In 2019, forensic reporting made headlines as a result of the Capital One data breach – an incident that allowed an unauthorized person to access personal customer information. Shortly after, the company received a third-party forensic report detailing the various technical problems that contributed to the successful attack. When the company announced the data breach, they were met with numerous lawsuits.

Counsel for the plaintiffs moved to compel the production of the third-party forensic report, while Capital One argued that their report should be protected by the work product doctrine. Unfortunately for the bank, the court determined that privilege did not apply due to the specific order of agreements/contracts.

At the beginning of the year, Capital One entered a retainer agreement with their cybersecurity company, Mandiant. After the actual data breach, the bank then retained a law firm for legal services. Months later, the law firm signed its own agreement with Mandiant. This agreement stated that future work would be performed at the direction of counsel, and they would receive all deliverables instead of Capital One.

The court ruled that privilege did not apply to the forensic report because it was completed under the original retainer agreement, in which the bank directly engaged and paid Mandiant for their work. In order to ensure the report was protected, Capital One should have retained their law firm prior to the breach and instructed Mandiant to work at counsel’s direction. This would have been sufficient to trigger attorney-client privilege and attorney work product doctrine.

Law Firm v. Law Firm

Based on the Capital One decision, we know that forensic reports only qualify for privilege when ordered directly by counsel. But what happens when counsel itself is the victim of the cyber-attack? In January 2021, the case of Wengui v. Clark Hill raised this very question before the United States District Court for the District of Columbia.

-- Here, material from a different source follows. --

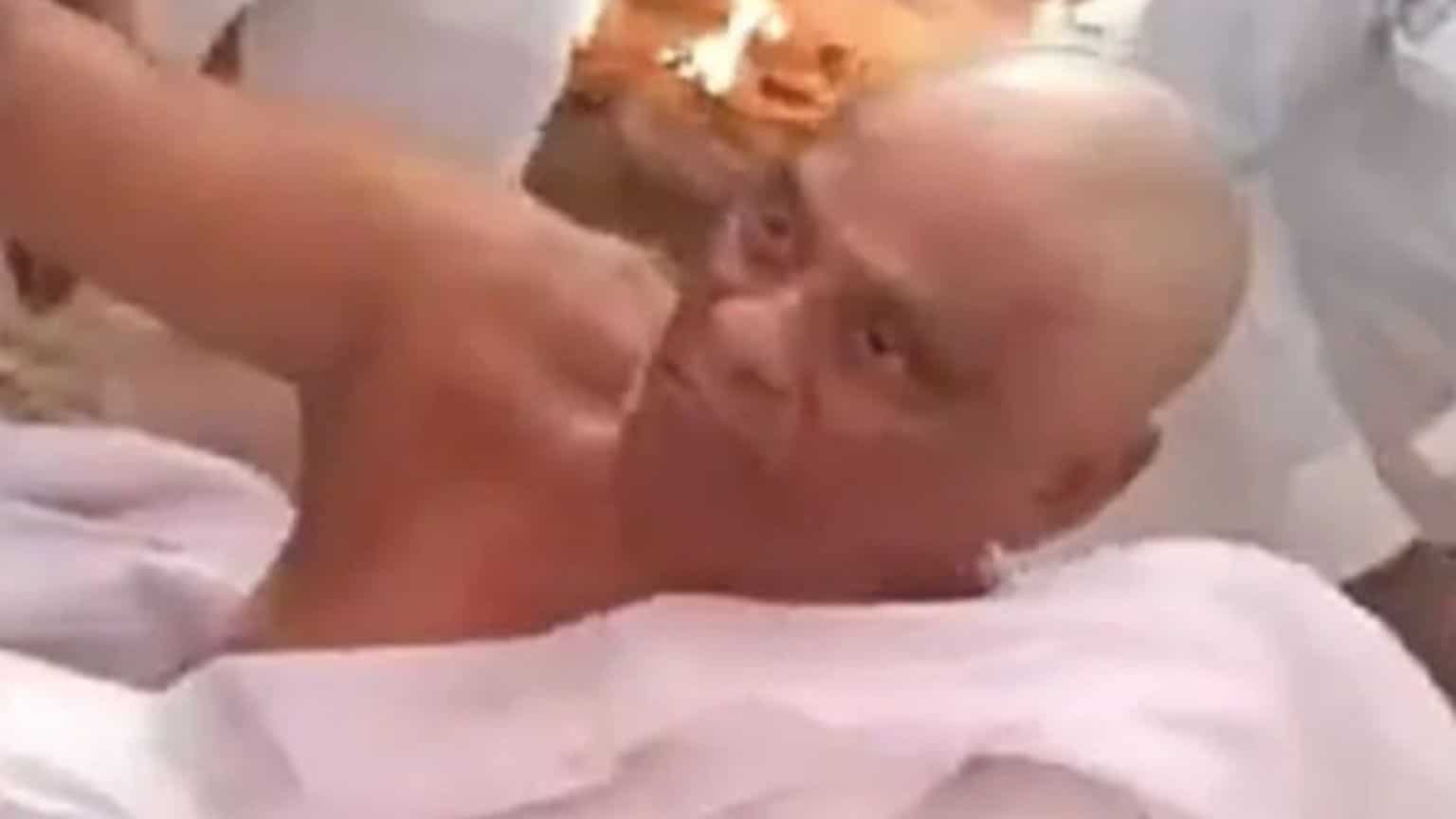 Militar indiano finge a própria morte para ver quem iria ao seu funeral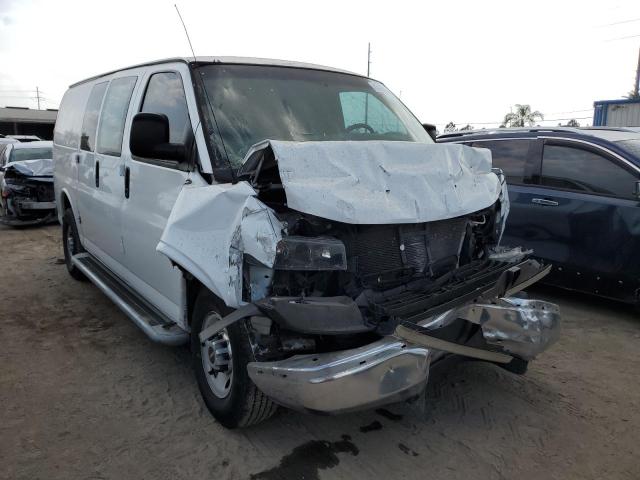 1GTW7FCF4F1900511 - 2015 GMC SAVANA G2500 WHITE photo 4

The plaintiff, Guo Wengui, was a former employee of Clark Hill and filed suit over the publication of his personal information. Soon after, he issued a discovery request for “all forensic investigation reports about the cyberattack,” and in particular, a report prepared by Duff & Phelps. In fact, Clark Hill had commissioned two forensic reports, although only one report was produced during discovery. The law firm argued that the second report fell under attorney-client privilege and was thus protected by the work product doctrine.

Ultimately, the court rejected the defendant’s argument and held that the documents were not privileged. In reaching this conclusion, the court considered multiple factors, such as the dissemination of the report to the FBI and the fact that it contained advice to manage issues beyond potential litigation. After considering all the evidence, the report “cannot be fairly described as prepared in anticipation of litigation.”

Final Thoughts

Over the years, transparency has become more and more important to consumers. Many legal professionals expect these changing attitudes will lead to more judicial scrutiny of privilege assertions over forensics reporting. For that reason, companies should always consider whether a given forensic report would provide benefits that outweigh the risks from disclosure. As the law evolves, we must find a balance between protecting confidentiality and delivering the transparency consumers deserve.